The downside: river rock migrates. Mowers fling it, rain washes it, kids kick it. You'll need to rake it back into place a few times a year. Installing a shallow trench with landscape fabric underneath helps keep it contained.

Cost: $8 to $15 per linear foot installed.

Flagstone

Flagstone laid flat along a bed edge gives you a wider, more dramatic border. It's more expensive than limestone blocks but looks premium. We use Oklahoma flagstone (tan and brown tones) and Texas Lueders limestone (cream and gray) depending on the home's color palette.

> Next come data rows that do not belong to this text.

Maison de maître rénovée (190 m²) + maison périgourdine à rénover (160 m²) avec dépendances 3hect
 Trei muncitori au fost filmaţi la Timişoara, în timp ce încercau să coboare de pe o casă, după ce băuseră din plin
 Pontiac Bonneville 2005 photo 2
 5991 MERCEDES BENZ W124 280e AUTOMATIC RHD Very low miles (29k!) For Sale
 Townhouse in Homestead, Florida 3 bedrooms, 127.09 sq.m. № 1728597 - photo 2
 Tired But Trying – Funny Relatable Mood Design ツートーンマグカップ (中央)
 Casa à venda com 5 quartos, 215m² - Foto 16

Cost: $20 to $35 per linear foot installed. Flagstone works best for front beds where curb appeal matters most.

Brick Borders

Classic look that pairs well with brick homes. We set bricks at a 45-degree angle (sawtooth pattern) or stack them flat in a double row. Reclaimed brick gives you a weathered look that new brick can't replicate. If your home has a specific brick color, we can usually find a close match at a local salvage yard.

Cost: $12 to $20 per linear foot installed.

Our recommendation for most DFW homes: Chopped limestone. It's the best balance of cost, durability, and appearance. It matches most of the stone and brick exteriors in the area, it doesn't fade, and it requires zero maintenance. We install more limestone edging than all other types combined.

What Goes Underneath

Whatever edging material you choose, the installation matters more than the stone itself. We dig a shallow trench (2 to 3 inches deep), level the bottom with decomposed granite or sand, set the stone, and backfill against the outside edge. This keeps the stones from shifting when the clay soil expands and contracts with moisture changes.

Skip this step and your edging will lean, gap, and look crooked within a year. We've fixed a lot of DIY edging jobs where the homeowner set stones directly on clay. It never holds.